The immune system is a major part of the body involved in protecting us from infections and from cancers. Unlike other organs where the cells and tissues stay in one place (the heart or the kidneys) the cells of the immune system move around the body either to monitor for signs of infection or to fight infection or destroy cancer cells.
Many different types of cells and separate organs make up the immune system. The major components are the bone marrow and thymus (a small organ in the neck) which produce many immune system cells and the spleen (in the abdomen) and the lymph nodes (scattered throughout the body – these are the so called “glands” that swell in the neck or elsewhere when you have an infection) that play a major role in “programming” parts of the immune system.
The immune system is divided into two major parts called the innate and the adaptive.
The Innate immune system reacts to infections and cancer cells in a pre-programmed way by recognising signals that activate the immune cells to destroy cells or infections with warning signs on them. Neutrophils and macrophages and natural killer cells are the main parts of the innate immune system.
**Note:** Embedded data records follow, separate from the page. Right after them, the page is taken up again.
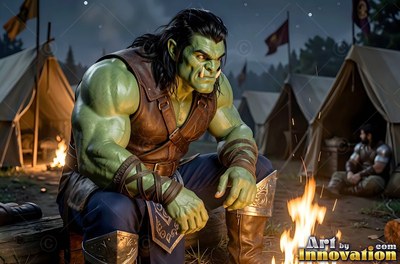 Muscular green-skinned orc man sitting by a campfire in a tent camp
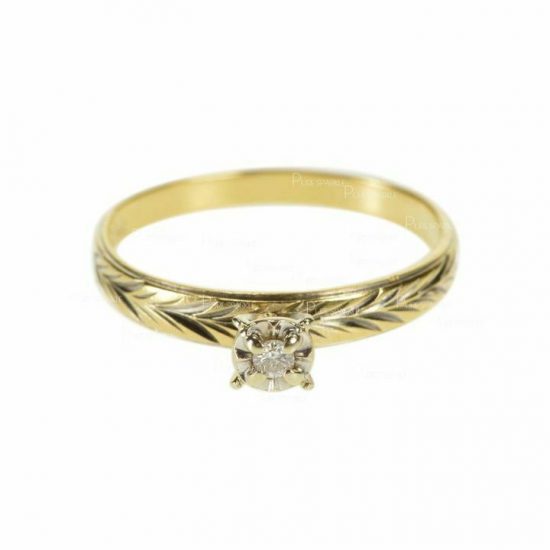 14K Gold 0.03 Ct. Diamond Vine Pattern Promise Ring Fine Jewelry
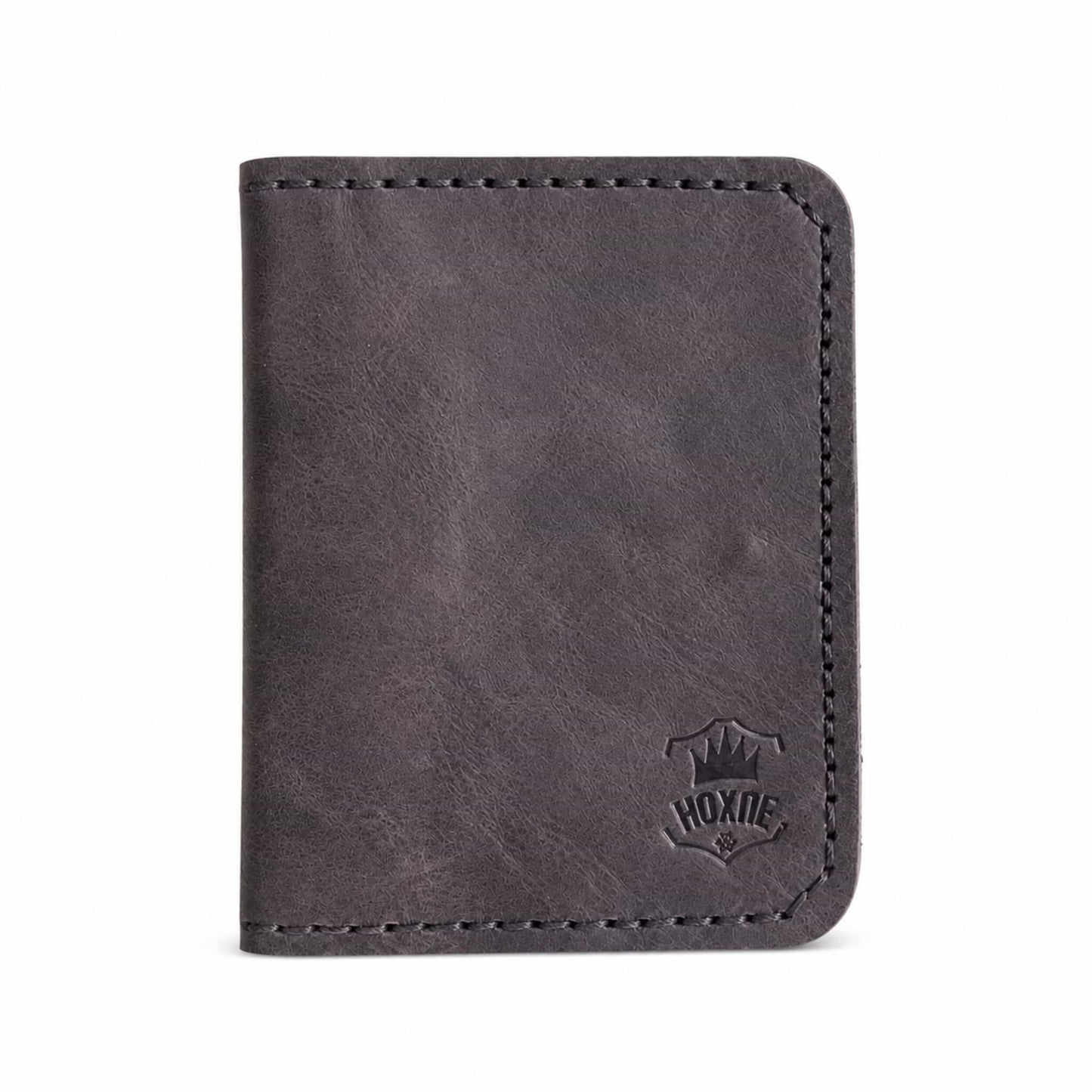 Handmade genuine leather bifold card wallet in black — Hoxne Leather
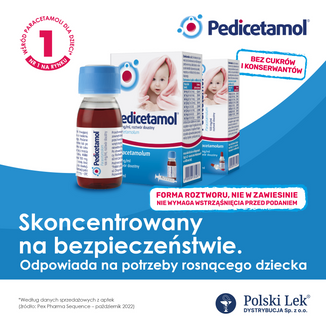 Pedicetamol 100 mg/ ml, roztwór doustny dla dzieci i niemowląt od urodzenia, 60 ml KRÓTKA DATA - 9 - zdjęcie produktu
The Adaptive immune system is the part of the immune system that can learn to recognise almost any different infection and has to be programmed by the body. This part of the immune system is constantly changing throughout our lives as we encounter new infections, learn how to deal with them and remember them for the future. When we use vaccines we are programming the adaptive immune system to recognise a possible future infection. The adaptive immune system can recognise almost any possible infection by constantly making new cells that are all different. On each cell is a receptor that can match any possible protein or cell component from an infection (in the way a key fits a lock) and when the cell finds its match it can become activated to start making antibodies (if it is a B cell) or making new cells that will direct and control the immune system (if it is a T cell). Unfortunately because the cells can recognise almost anything they may also become activated by parts of our own bodies (this is called autoimmunity). The immune system contains many very specialised systems to prevent cells that recognise our own bodies from becoming activated but sometimes these systems may not work properly and this can lead to autoimmune disease.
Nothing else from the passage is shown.